:: Exercise instructions ::
Give back exactly the lines from the start of the entries below to the line holding "The basement membrane", that line included, and leave every picture out.

:: Stored data entries ::
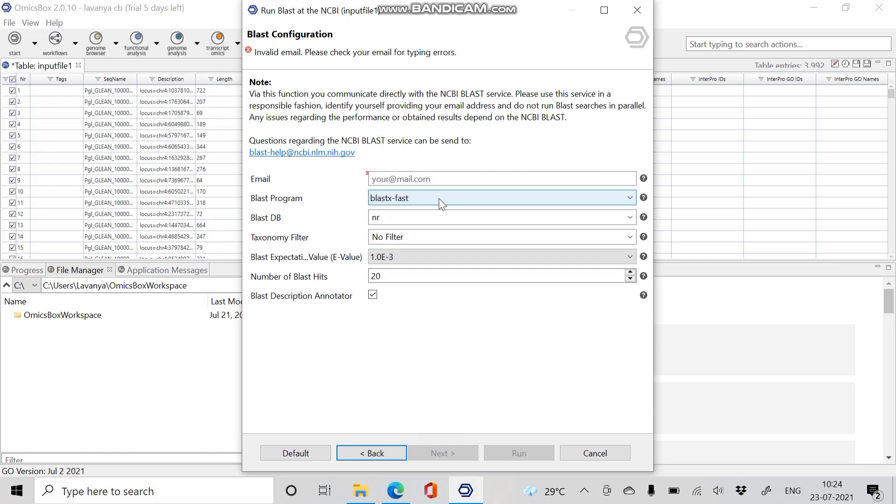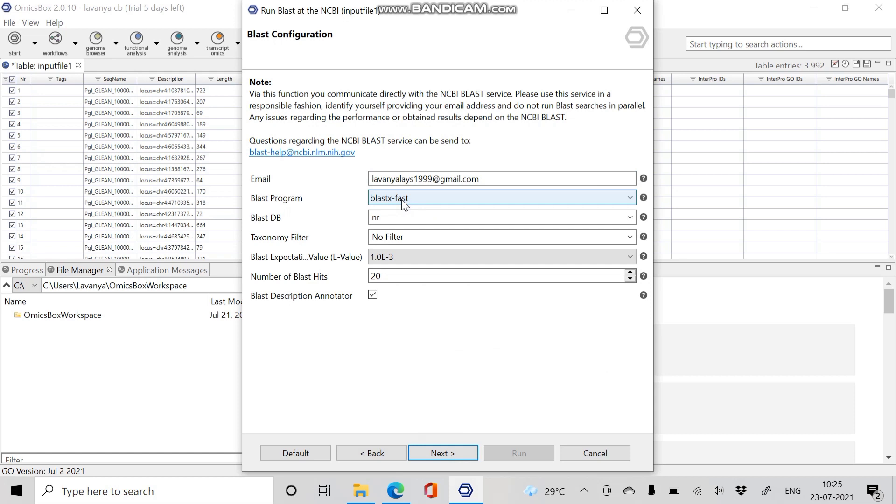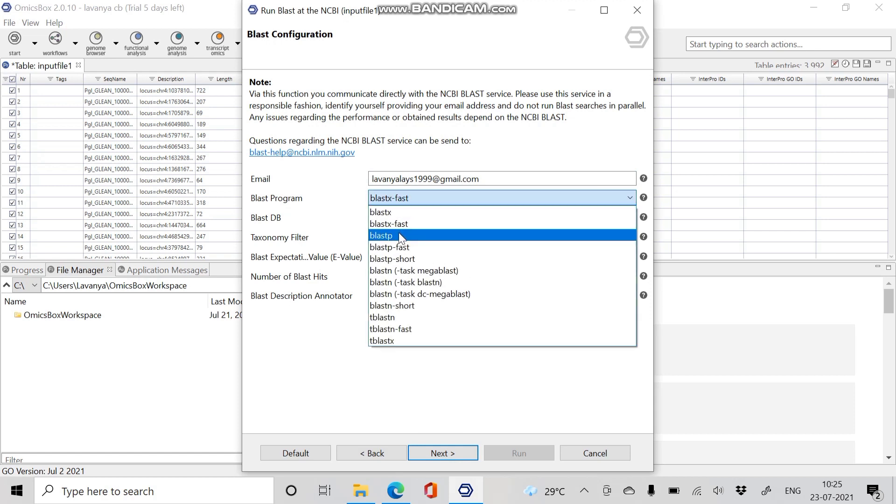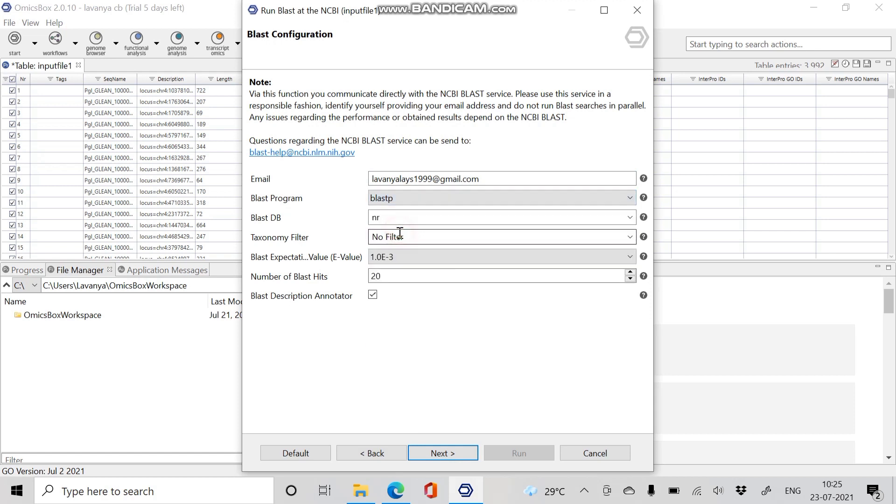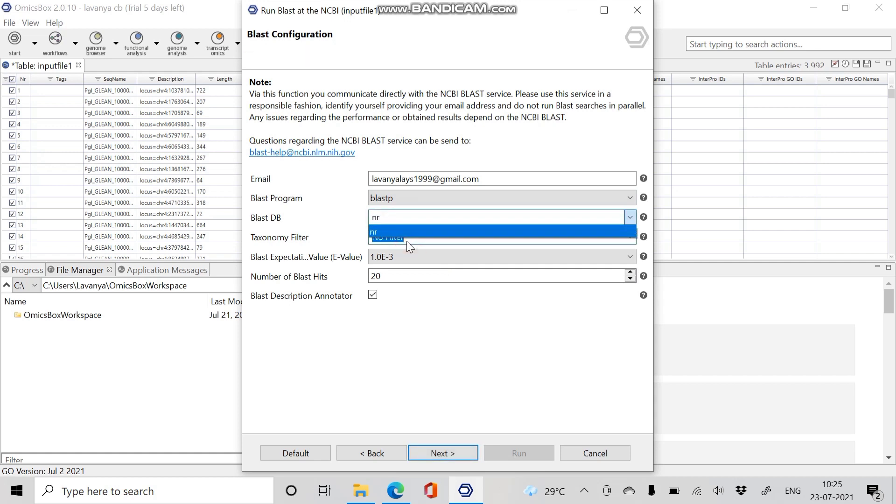In the BLAST configuration page, email address is needed in case of NCBI BLAST. Enter the email ID. In the BLAST configuration dialog, select the type of BLAST mode, the BLAST program which is appropriate for our sequence. Since our sequence is protein sequence, we are choosing BLASTP. Select the BLAST database as NR, non-redundant database. The taxonomic filter is a search for BLAST results only in the selected taxonomy. I am not giving any taxonomy.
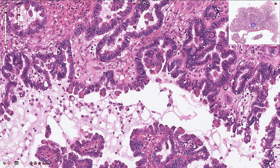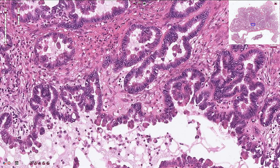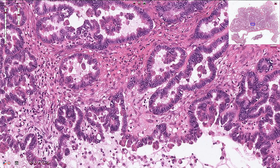The basement membrane is intact and this type of tumor is not associated with invasive type of growth. These are not invasive nests — this is just a cross-section of the papillary structures. Those nests are not associated with desmoplastic reaction.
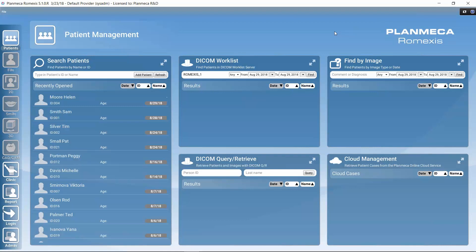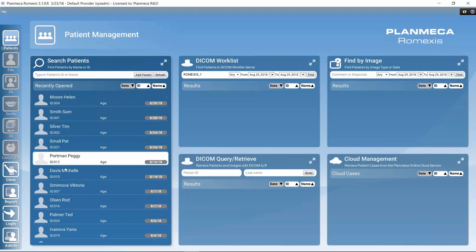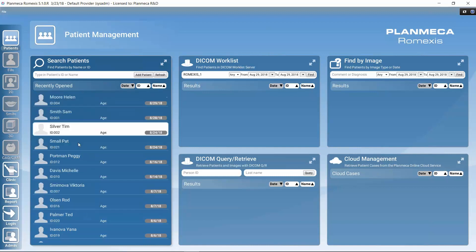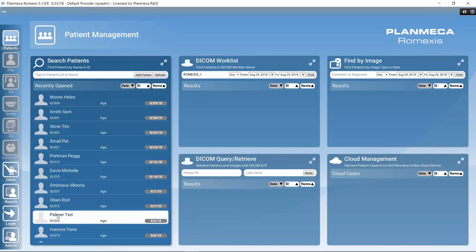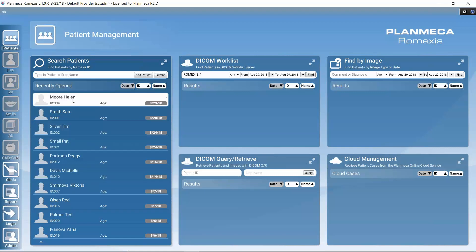That was an overview of PlanMega Romexis. Now we can move on to how to manage patients. Many users manage patients in their practice management software, so this may not be relevant for everyone. We will cover patient management, then look at the report module and a quick look at the admin module as well.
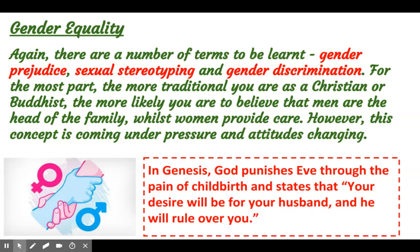It's still the case in the UK that women are paid less than men, but hopefully that's something which is changing over time. In the Bible, that kind of gender divide is very much there. In Genesis, for example, God punishes Eve through the pain of childbirth and states that 'your desire will be for your husband and he will rule over you.' So it's not necessarily the case in the Bible that it's all about equality.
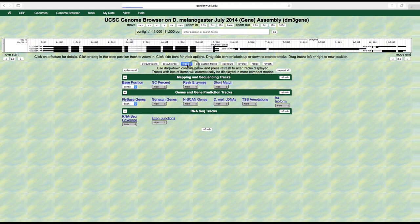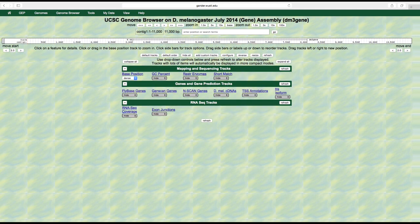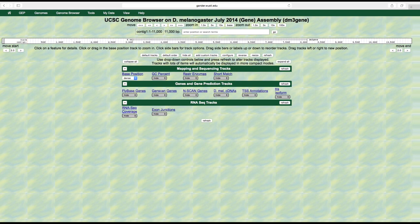Let's first hit the hide all button so we can choose which features of the genome we want to view. We use the term features in bioinformatics as a catch-all term for anything associated with the genome. Each of these features can be highlighted or displayed along with the genome sequence as a track that can be viewed in the browser. We can turn on and turn off various tracks and also adjust how each is displayed.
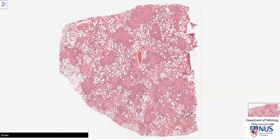Miliary TB typically arises due to hematogenous spread, with the bacteria being seeded into the venous circulation. Hence, we get multiple areas of infection, and many of these actually coalesce. You can see the pink necrotic areas in the center of the granulomas coalescing to form a larger area of necrotizing granulomatous inflammation.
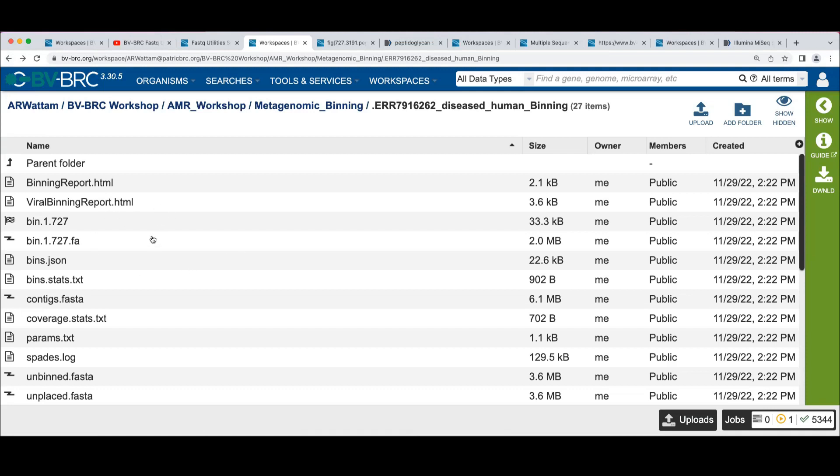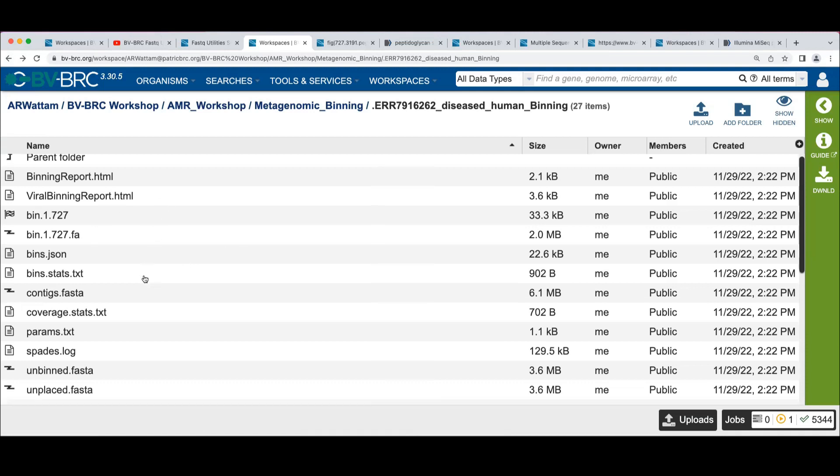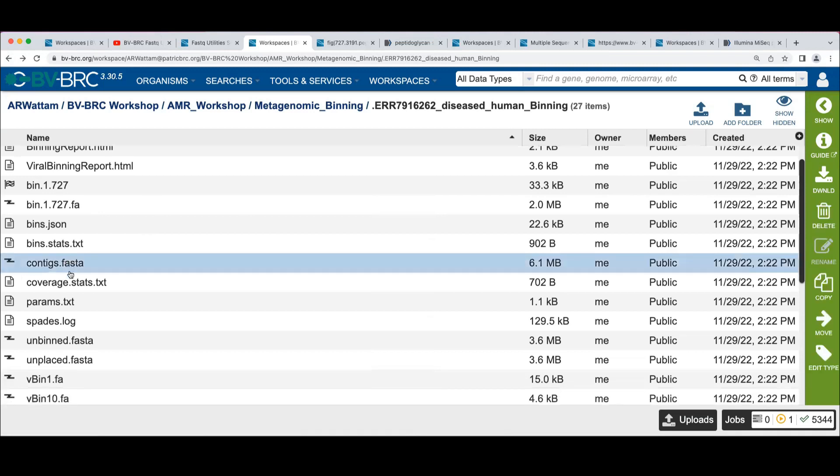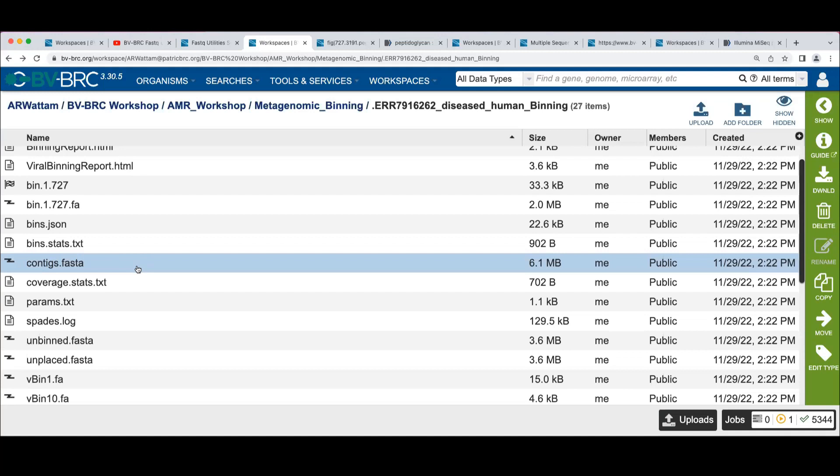And in fact, remember I mentioned that you might want to run the binning a couple of different ways. One of the files that's generated here is this contigs.fasta. This is the output of the assembly run that was used for the binning. So if I wanted to rerun the binning and say, just do the viral binning on this dataset, I wouldn't have to spend the time doing a reassembly.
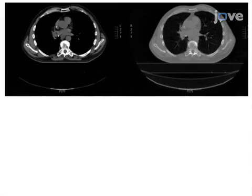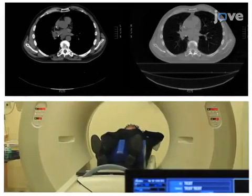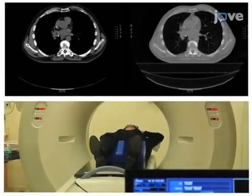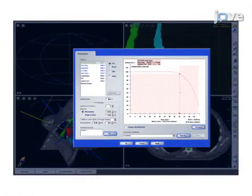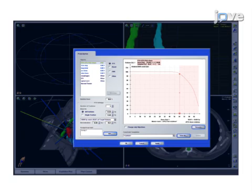Then, CT-guided simulation, physician contouring, and radiation dose planning are carried out. The final step is to build a respiratory correlation model and initiate dynamic tracking radiation treatment. Ultimately, dynamic tracking during stereotactic ablative body radiation therapy is used to treat moving lung tumors with therapeutic radiation dose and with minimal toxicity.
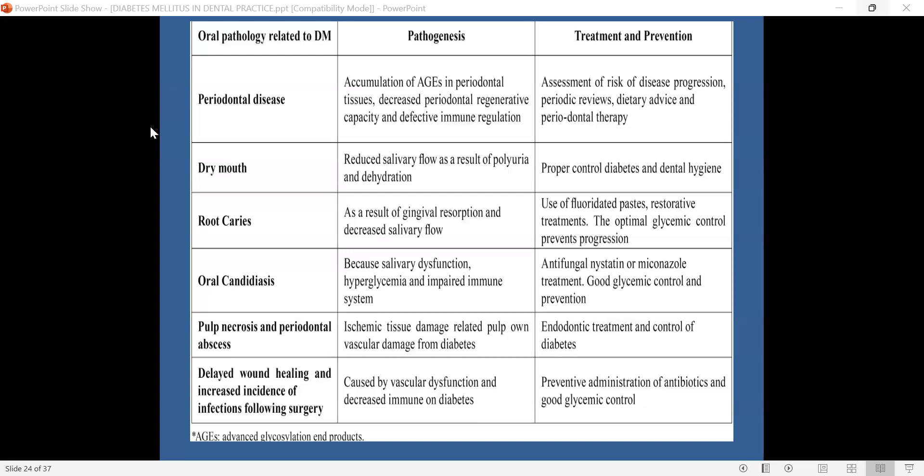This concludes the most common pathologies related to diabetes mellitus encountered from a dentist's perspective in dental practice. The discussion covered the pathogenesis associated with each condition, the oral manifestations one visualizes, and the respective treatment and prevention strategies. Thank you.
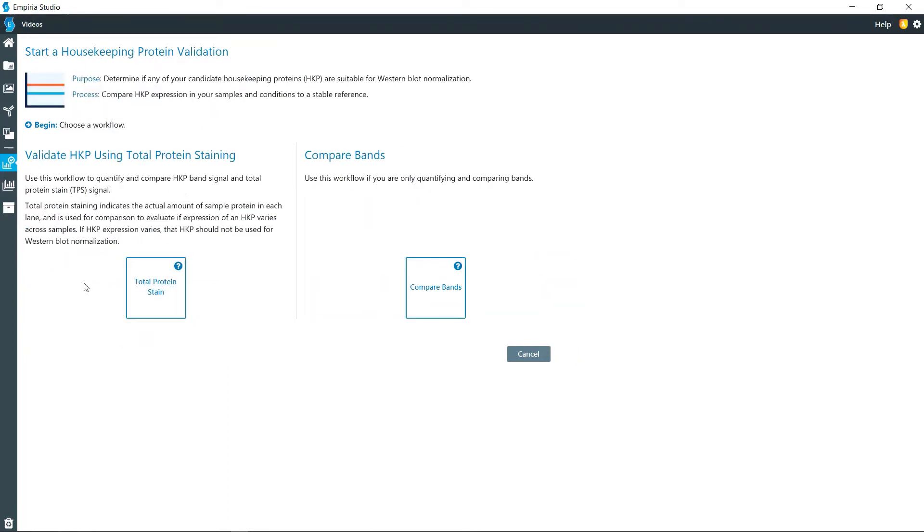You can either do this using the total protein stain such as the Revert 700 or 520 if you have the Odyssey M, or you can just compare bands within a one or two color image. The images I'm going to be using right now are for compare bands.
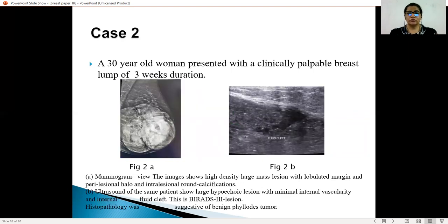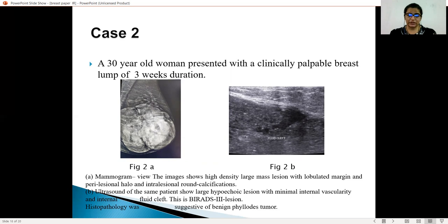Case 2: a 30-year-old female with a clinically palpable breast lump for 3 weeks. The mammogram shows a high-density large mass with a lobulated margin and a perilesional halo, with a few intratumoral round calcifications noted. The ultrasound image shows a large hypoechoic lesion with minimal internal vascularity and internal fibrous capsules noted, consistent with a benign phyllodes tumor.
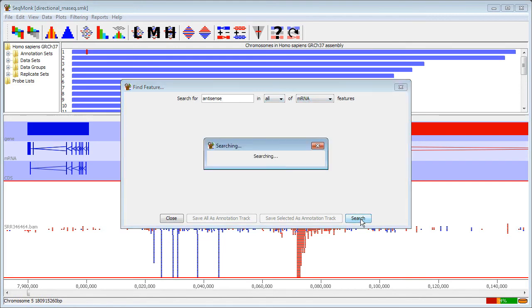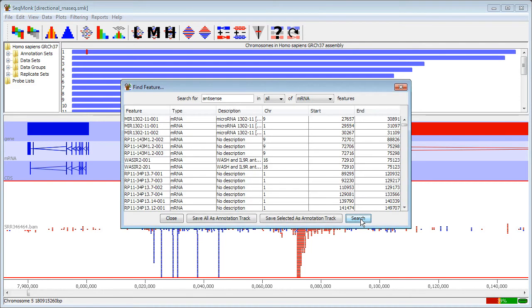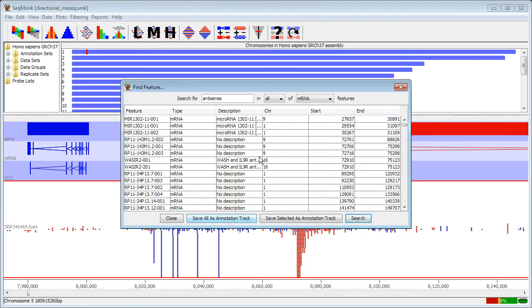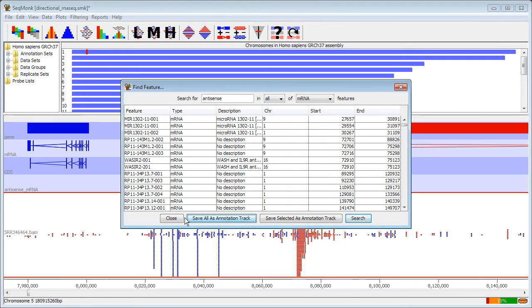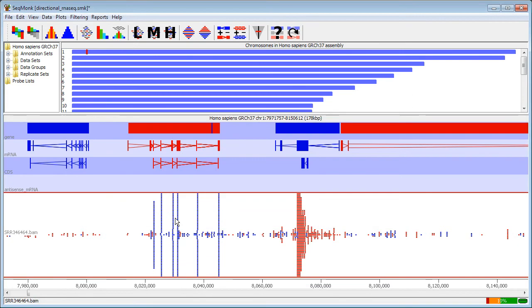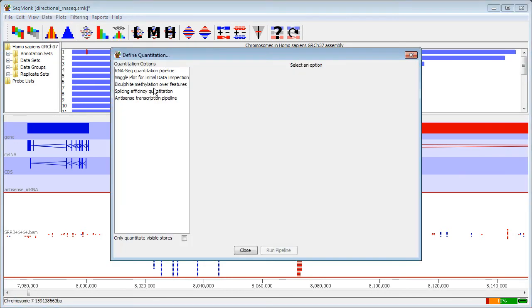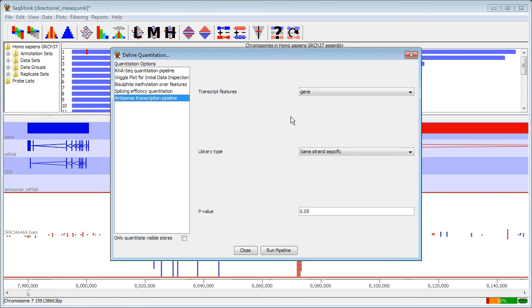This should give me a list of known antisense transcripts, and I'm going to save these in an annotation track so I can use them later. The antisense quantitation pipeline that we're going to use here requires that we specify a set of features that we're going to use. In this case we're going to analyze each gene separately.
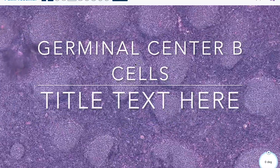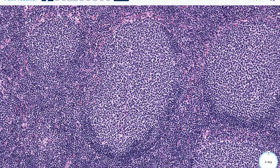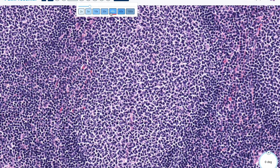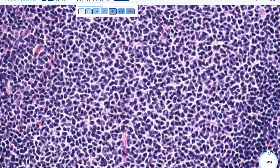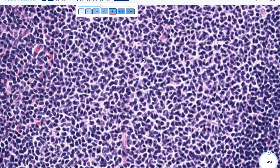In follicular lymphoma, going down to high power on one of these follicles, you're going to see two different cell types in varying proportions. You're going to see small cleaved cells, or centrocytes, which you can appreciate here with this cleaved pattern. And then you're also going to see some larger cells, which are centroblasts with nucleoli.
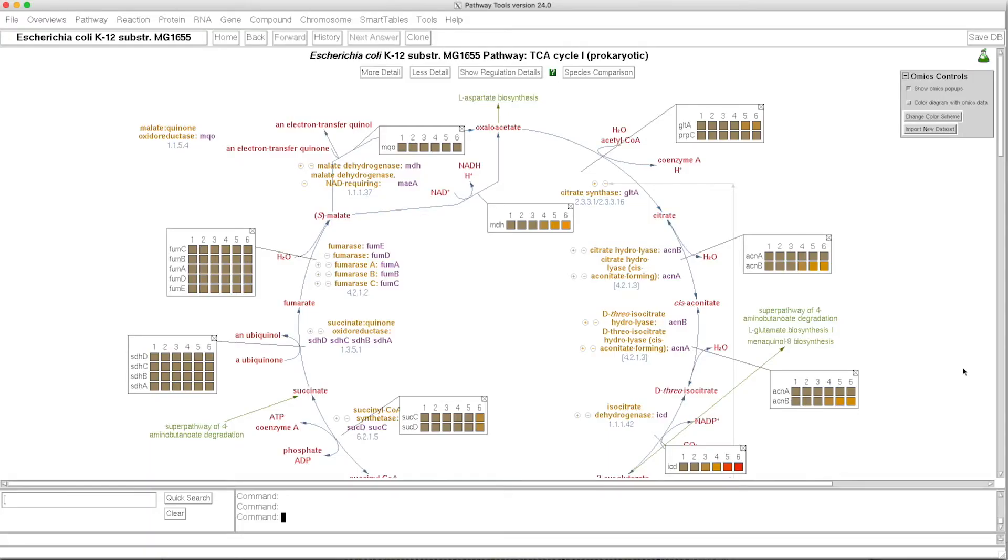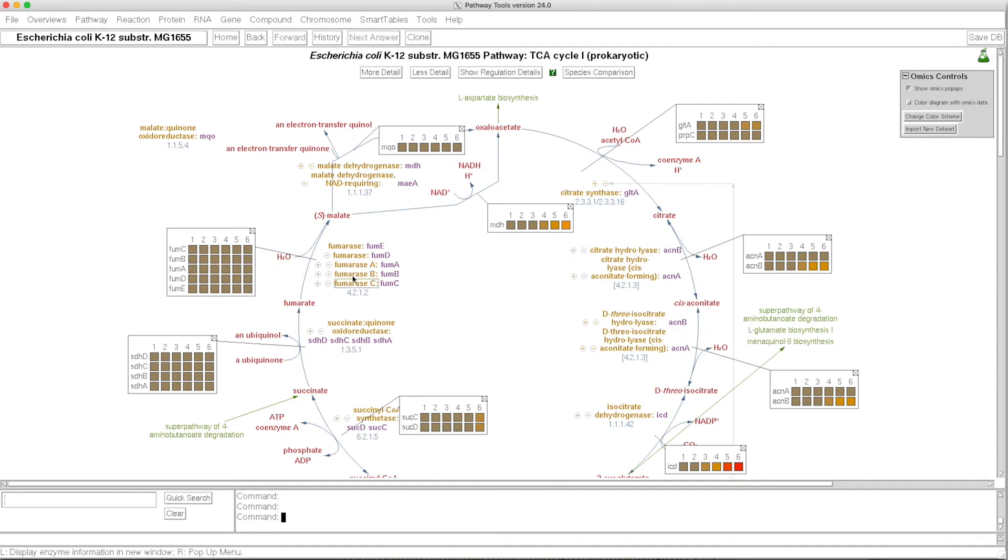We can also show an individual pathway, and the omics data will be shown using these omics popups, which let us see very clearly that some enzymes in the TCA cycle are not changing their expression very much at all, whereas other enzymes are changing quite significantly.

:: Exercise output ::
In the BLAST configuration page, email address is needed in case of NCBI BLAST. Enter the email ID. In the BLAST configuration dialog, select the type of BLAST mode, the BLAST program which is appropriate for our sequence. Since our sequence is protein sequence, we are choosing BLASTP. Select the BLAST database as NR, non-redundant database. The taxonomic filter is a search for BLAST results only in the selected taxonomy. I am not giving any taxonomy.
The basement membrane is intact and this type of tumor is not associated with invasive type of growth. These are not invasive nests — this is just a cross-section of the papillary structures. Those nests are not associated with desmoplastic reaction.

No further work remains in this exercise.